Nigerian Government delays taxes despite revenues challenges

Nigeria

Published on Wednesday, 17 April 2019 Back to articles
Nigeria’s revenue authority denies plans to increase Value Added Tax (VAT) despite the Finance Ministry’s intentions to raise VAT and other taxes

The Senate recently recommended that the Federal Government consider increasing taxes on luxury goods in a bid to boost revenues. It did so while approving the Federal Government’s medium term expenditure plans for 2019-2021. In the proposed expenditure plan for 2019, the Senate approved a total expenditure of ₦8.83 trillion (US$24.5 billion) which is in line with what is contained in the 2019 budget.

The expenditure is expected to be financed by ₦6.97 trillion (US$19.4 billion) of proposed revenue and assumes a deficit of ₦1.86 trillion (US$5.2 billion). Revenues are based on the assumption that the government will be able to sell 2.3 million b/d of crude oil at an average price of US$60 a barrel in 2019 as well as taxes on non-oil activities.

The government’s challenge is the very low tax base and resultant collection rate. Oil revenues or oil based taxes account for as much as 70% of revenues and whenever oil prices or production fall below the projected rate the government suffers disproportionally greatly. In 2018, the government was only able to collect about 55% of its projected revenues.

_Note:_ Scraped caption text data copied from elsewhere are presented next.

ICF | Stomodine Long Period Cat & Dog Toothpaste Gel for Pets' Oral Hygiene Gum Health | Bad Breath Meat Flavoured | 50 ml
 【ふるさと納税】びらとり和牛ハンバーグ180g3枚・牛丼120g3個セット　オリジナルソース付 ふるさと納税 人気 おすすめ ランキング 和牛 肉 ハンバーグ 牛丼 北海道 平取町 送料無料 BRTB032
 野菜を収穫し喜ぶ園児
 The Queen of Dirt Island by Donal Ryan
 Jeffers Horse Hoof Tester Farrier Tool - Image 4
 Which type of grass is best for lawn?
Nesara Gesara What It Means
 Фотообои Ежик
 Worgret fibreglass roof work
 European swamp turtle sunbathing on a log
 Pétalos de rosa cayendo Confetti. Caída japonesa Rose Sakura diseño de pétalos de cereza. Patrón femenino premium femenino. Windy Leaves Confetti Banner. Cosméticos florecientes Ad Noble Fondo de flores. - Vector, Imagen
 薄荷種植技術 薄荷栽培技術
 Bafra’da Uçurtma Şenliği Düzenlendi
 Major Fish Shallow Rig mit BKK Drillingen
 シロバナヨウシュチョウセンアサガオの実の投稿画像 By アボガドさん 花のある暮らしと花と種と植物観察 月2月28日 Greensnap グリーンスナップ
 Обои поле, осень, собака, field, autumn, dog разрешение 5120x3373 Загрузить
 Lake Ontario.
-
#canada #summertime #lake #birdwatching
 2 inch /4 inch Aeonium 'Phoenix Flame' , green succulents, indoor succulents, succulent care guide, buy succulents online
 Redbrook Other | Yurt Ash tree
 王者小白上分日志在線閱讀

In the last three years, government revenues have always fallen significantly below its projections. The IMF recently noted that Nigeria’s tax-to-GDP ratio remains one of the world’s lowest at just about 6% of GDP. Finance Minister Zainab Ahmed has proposed an increase in Value Added Tax (VAT) on the consumption of goods and services but the Federal Inland Revenue Service (FIRS) issued a statement on 21 March denying any plans to increase VAT. Nigeria’s 5% VAT rate is one of the lowest globally: by contrast it is 12.5% in Ghana, 15% in South Africa and 16% in Kenya. The proposal to increase taxes on luxury goods is nothing new and has been around since the Goodluck Jonathan 2010-2015 administration when then finance minister, Ngozi Okonjo-Iweala, put forward a similar proposal. No move has been made on it since then.

Fear of a political backlash is preventing the government from making these difficult but necessary decisions even as it is obvious that its earnings need a significant boost from new sources of taxable income.